Nationals sign veteran Marquis

Associated Press
Right-hander Jason Marquis posted a 4.04 ERA and 15 wins for the Rockies last season.Associated Press Right-hander Jason Marquis posted a 4.04 ERA and 15 wins for the Rockies last season.

The Washington Nationals’ top goal this offseason, stated again and again by general manager Mike Rizzo and a chorus of other team executives, was to put a veteran starting pitcher at the top of their young rotation. They appear to have crossed that goal off their list just before the end of the year - and at a cheaper price than many expected they would have to pay.

The team signed right-hander Jason Marquis, a 10-year veteran of four teams, to a contract worth $15 million over two seasons on Monday. The deal gives Washington a reliable workhorse who has posted double-digit victories each of the last six seasons, worked a career-high 216 innings last year and made the 2009 NL All-Star team.

The Nationals will introduce Marquis at a news conference on Tuesday at Nationals Park.

Marquis, who won 15 games for the Colorado Rockies in 2009, posted a 4.04 ERA, walked just 80 batters and gave up just 15 home runs for the second straight year, down from 35 in 2006. He pitched eight shutout innings against the Nationals on July 6, and first baseman Adam Dunn, who had faced Marquis for years in the NL Central when the right-hander was with the Cubs and Cardinals, said the pitcher was “not even close” to what he remembered.

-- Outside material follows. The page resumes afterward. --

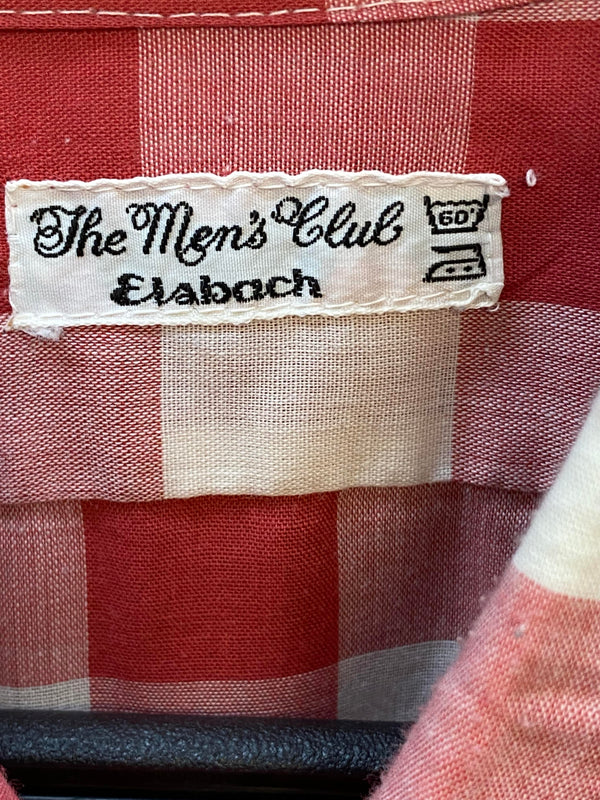 „Markenetikett The Men’s Club Elsbach in einem rot-weiß karierten Vintage Trachtenhemd Herren“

“When I first faced him, he threw about 95, straight as an arrow,” Dunn said that night. “Someone taught him a sinker. The difference between him now and in the past is he throws every pitch for a strike. It used to be he’d walk you.”

Marquis struggled at the end of the season and was left out of the Rockies’ playoff rotation. It’s unclear whether that slide helped the Nationals get him at a cheaper price than some thought they would pay in a pitching market that escalated after the Milwaukee Brewers gave Randy Wolf a three-year, $29.75 million deal this month. But for whatever reason, they didn’t pay the kind of “loser’s premium” often required to bring a free agent to a last-place team.

Marquis’ average annual value of $7.5 million equals what the Rangers gave right-hander Rich Harden, who went 9-9 with a 4.09 ERA last season. Harden has an $11 million option for 2011, as well.

A Staten Island native, Marquis still lives in New York during the offseason, and there were rumblings he preferred to sign with the Mets. But negotiations never got serious with New York, and the Nationals - in whom Marquis had also expressed interest after the winter meetings this month - wound up with the 31-year-old.

The Nationals could add another veteran to the rotation before the beginning of the season, but if they don’t, it could look like this: Marquis and left-hander John Lannan filling the top two spots, with left-hander Scott Olsen the No. 3 and a group of youngsters (Craig Stammen, Shairon Martis, Collin Balester, Garrett Mock, Ross Detwiler, J.D. Martin and possibly No. 1 pick Stephen Strasburg) fighting for two spots.

In 10 major league seasons with the Braves, Cardinals, Cubs and Rockies, Marquis has never missed the playoffs. In signing with a team that has won 59 games the last two seasons, he’s putting that streak in a lot of jeopardy.

But in joining the Nationals, he adds a veteran pitching presence to a team that has been in sore need of it and has been shopping for it all winter.